- _Work instructions_
Restate word for word the lines below that run from the one holding "Used 2017 Lexus ES 350 image 2" through the one holding "8986 WOODWARD RD, MARSHALL, Virginia, 5", inclusive. Pictures don't belong in the copy.

- _Information shown_

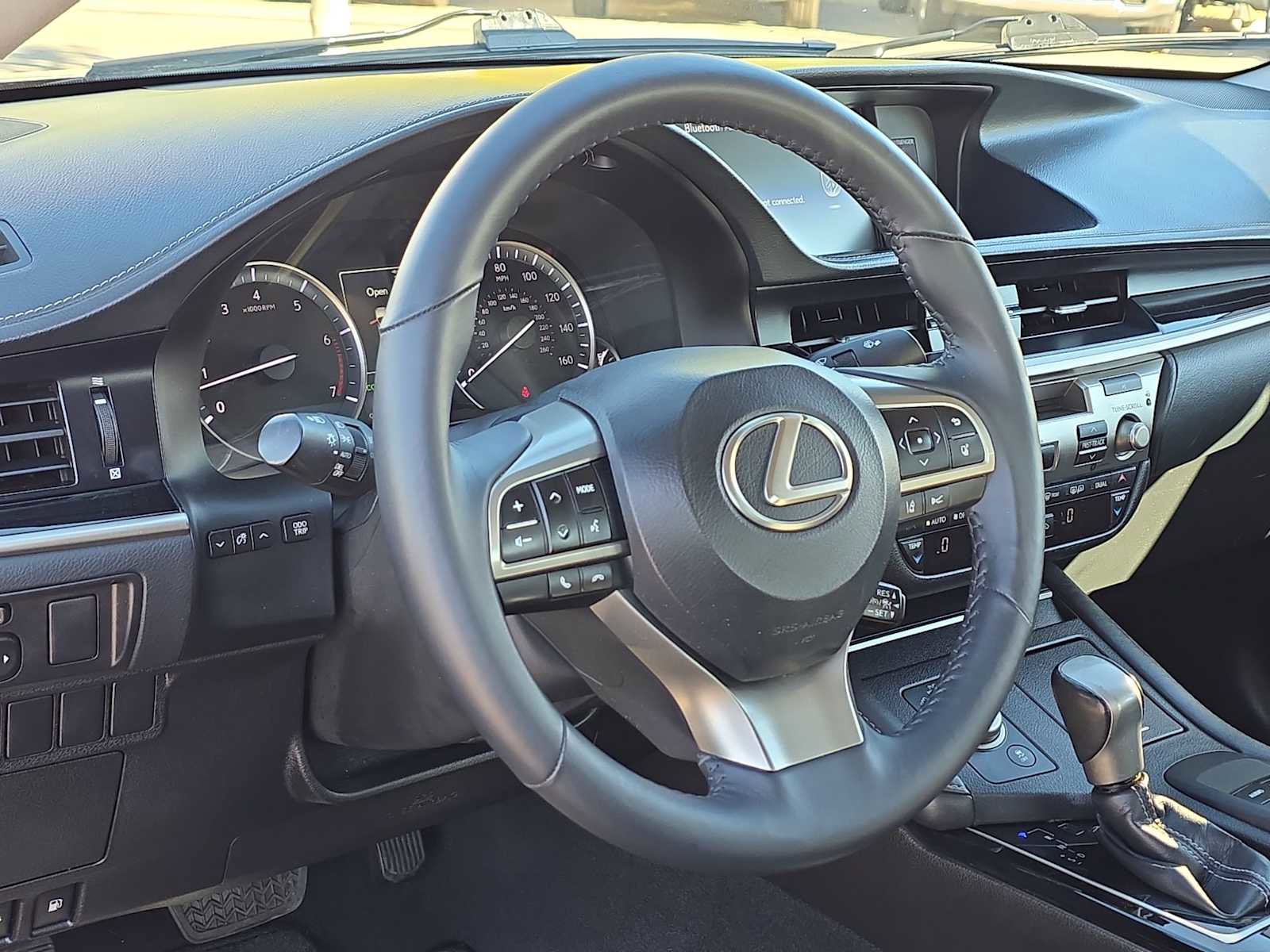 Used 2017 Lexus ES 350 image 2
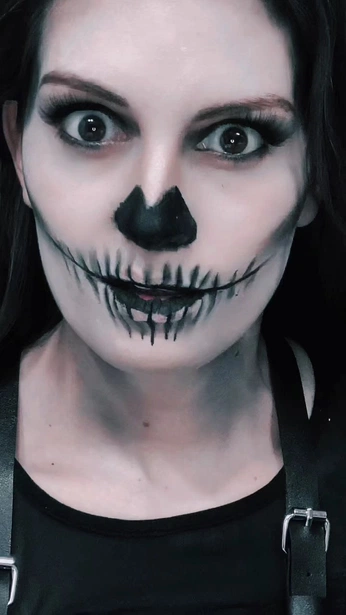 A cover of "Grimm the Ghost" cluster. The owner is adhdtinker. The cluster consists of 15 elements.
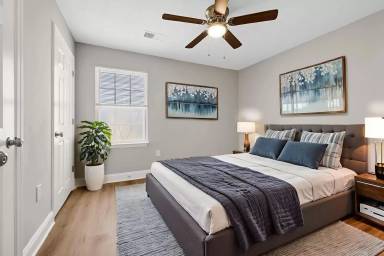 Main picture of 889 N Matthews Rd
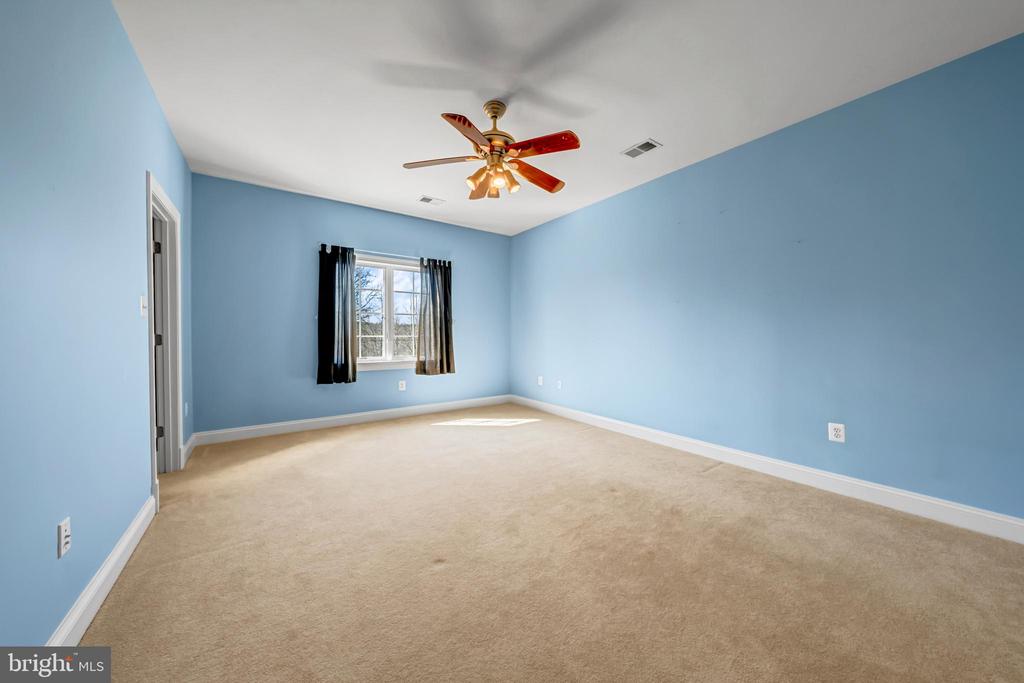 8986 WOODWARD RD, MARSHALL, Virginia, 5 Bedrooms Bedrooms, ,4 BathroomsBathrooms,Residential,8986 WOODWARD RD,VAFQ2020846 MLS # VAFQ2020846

==

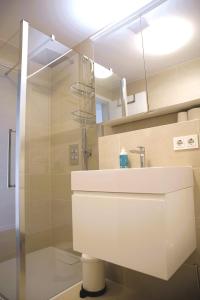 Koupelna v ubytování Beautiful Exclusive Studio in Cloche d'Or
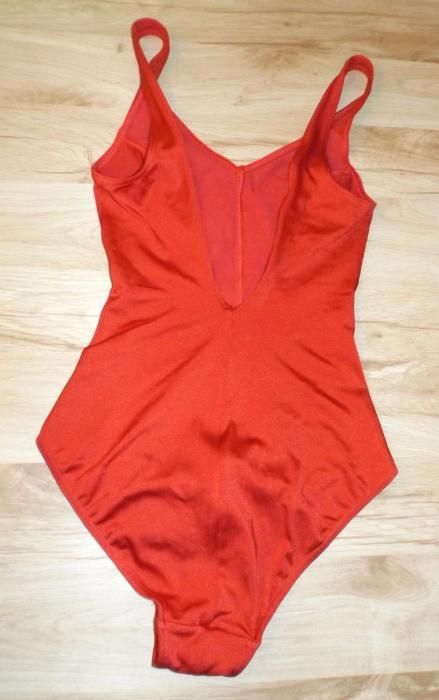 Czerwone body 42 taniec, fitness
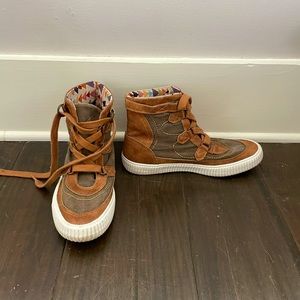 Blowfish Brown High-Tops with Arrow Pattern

* * *

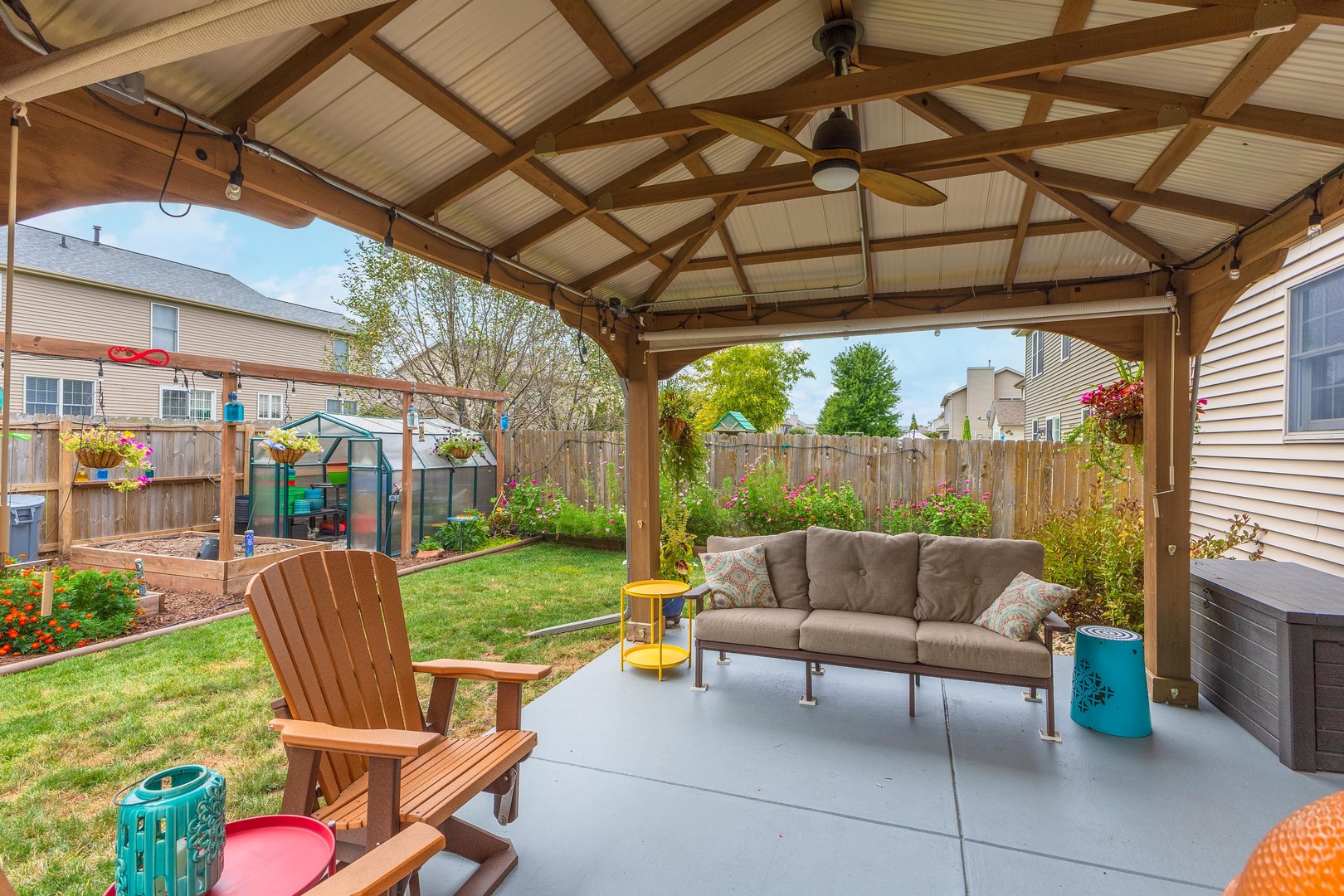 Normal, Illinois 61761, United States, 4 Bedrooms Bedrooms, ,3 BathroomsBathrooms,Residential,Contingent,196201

- _Solution to this problem_
 Used 2017 Lexus ES 350 image 2
 A cover of "Grimm the Ghost" cluster. The owner is adhdtinker. The cluster consists of 15 elements.
 Main picture of 889 N Matthews Rd
 8986 WOODWARD RD, MARSHALL, Virginia, 5 Bedrooms Bedrooms, ,4 BathroomsBathrooms,Residential,8986 WOODWARD RD,VAFQ2020846 MLS # VAFQ2020846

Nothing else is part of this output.